## About this task
Each line containing the string "https" should be copied out of the entries.

(Beginning of Data records)

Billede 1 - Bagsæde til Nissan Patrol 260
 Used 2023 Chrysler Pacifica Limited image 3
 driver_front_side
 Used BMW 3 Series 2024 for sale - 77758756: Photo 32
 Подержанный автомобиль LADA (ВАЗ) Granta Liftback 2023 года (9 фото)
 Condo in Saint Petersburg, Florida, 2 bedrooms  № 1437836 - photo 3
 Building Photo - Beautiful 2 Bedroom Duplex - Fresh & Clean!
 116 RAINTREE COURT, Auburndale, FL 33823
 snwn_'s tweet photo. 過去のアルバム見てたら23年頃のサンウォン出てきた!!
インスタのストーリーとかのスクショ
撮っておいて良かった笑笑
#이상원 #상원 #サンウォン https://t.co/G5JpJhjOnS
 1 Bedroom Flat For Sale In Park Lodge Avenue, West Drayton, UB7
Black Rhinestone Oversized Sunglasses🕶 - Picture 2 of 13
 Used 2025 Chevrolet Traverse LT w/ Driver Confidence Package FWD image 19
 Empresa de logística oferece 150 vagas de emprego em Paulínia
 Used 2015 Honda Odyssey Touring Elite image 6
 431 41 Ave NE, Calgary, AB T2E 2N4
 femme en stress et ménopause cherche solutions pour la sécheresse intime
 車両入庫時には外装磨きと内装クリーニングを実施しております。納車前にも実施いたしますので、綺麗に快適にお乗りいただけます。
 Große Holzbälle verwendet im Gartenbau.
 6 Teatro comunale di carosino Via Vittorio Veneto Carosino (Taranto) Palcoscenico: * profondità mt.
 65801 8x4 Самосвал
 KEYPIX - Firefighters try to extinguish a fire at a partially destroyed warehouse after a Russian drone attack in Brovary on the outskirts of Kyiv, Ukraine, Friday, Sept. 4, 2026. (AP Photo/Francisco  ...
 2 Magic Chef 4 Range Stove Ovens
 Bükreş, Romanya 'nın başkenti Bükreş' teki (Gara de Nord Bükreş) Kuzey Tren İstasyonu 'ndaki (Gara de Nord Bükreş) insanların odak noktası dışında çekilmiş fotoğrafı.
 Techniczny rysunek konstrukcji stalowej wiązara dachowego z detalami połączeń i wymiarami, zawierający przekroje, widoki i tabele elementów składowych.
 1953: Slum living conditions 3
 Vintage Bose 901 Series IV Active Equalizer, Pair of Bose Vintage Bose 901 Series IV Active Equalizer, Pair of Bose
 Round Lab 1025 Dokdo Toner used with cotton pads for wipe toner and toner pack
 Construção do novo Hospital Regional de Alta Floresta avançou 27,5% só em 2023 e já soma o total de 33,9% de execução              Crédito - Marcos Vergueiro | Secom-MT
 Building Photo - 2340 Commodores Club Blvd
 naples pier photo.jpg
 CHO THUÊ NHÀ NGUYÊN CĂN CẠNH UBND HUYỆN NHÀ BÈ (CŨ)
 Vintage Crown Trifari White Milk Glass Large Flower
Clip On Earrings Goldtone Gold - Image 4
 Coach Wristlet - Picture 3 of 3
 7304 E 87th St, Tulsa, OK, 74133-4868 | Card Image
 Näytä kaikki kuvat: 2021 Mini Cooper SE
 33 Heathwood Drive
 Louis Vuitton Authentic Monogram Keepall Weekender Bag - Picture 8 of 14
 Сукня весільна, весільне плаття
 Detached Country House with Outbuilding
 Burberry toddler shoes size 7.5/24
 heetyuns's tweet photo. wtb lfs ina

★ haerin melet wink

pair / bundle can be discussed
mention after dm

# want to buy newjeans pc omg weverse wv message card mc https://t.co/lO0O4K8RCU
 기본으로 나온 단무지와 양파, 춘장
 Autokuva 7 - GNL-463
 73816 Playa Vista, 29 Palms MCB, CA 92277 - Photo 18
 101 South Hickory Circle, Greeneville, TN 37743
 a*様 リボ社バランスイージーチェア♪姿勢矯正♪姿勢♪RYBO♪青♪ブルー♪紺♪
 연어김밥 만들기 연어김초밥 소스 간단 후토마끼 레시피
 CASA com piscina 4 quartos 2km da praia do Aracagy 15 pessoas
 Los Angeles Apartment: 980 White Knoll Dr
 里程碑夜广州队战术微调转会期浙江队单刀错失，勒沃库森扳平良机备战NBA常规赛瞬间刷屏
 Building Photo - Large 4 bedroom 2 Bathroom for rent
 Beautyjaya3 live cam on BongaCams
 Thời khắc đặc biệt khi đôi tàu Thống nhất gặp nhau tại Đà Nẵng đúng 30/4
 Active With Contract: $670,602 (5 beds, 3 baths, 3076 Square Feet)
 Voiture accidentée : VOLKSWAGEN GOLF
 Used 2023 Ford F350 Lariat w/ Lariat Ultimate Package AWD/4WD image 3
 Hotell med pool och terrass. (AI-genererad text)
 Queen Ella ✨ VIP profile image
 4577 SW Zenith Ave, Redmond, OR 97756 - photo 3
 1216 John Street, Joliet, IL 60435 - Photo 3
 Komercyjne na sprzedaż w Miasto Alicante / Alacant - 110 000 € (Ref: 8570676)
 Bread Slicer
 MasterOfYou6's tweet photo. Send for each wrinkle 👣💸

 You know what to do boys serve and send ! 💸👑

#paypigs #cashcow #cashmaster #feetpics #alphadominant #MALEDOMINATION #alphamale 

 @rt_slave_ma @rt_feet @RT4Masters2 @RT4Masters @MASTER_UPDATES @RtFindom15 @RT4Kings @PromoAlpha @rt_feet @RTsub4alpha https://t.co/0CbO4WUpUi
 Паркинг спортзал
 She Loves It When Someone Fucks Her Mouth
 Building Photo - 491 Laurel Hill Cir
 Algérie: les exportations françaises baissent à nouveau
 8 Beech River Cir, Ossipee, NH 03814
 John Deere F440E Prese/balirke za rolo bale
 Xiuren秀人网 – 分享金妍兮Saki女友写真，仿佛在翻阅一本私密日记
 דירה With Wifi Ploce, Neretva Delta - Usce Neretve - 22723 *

(End of Data records)

## Final answer
#이상원 #상원 #サンウォン https://t.co/G5JpJhjOnS
# want to buy newjeans pc omg weverse wv message card mc https://t.co/lO0O4K8RCU
 @rt_slave_ma @rt_feet @RT4Masters2 @RT4Masters @MASTER_UPDATES @RtFindom15 @RT4Kings @PromoAlpha @rt_feet @RTsub4alpha https://t.co/0CbO4WUpUi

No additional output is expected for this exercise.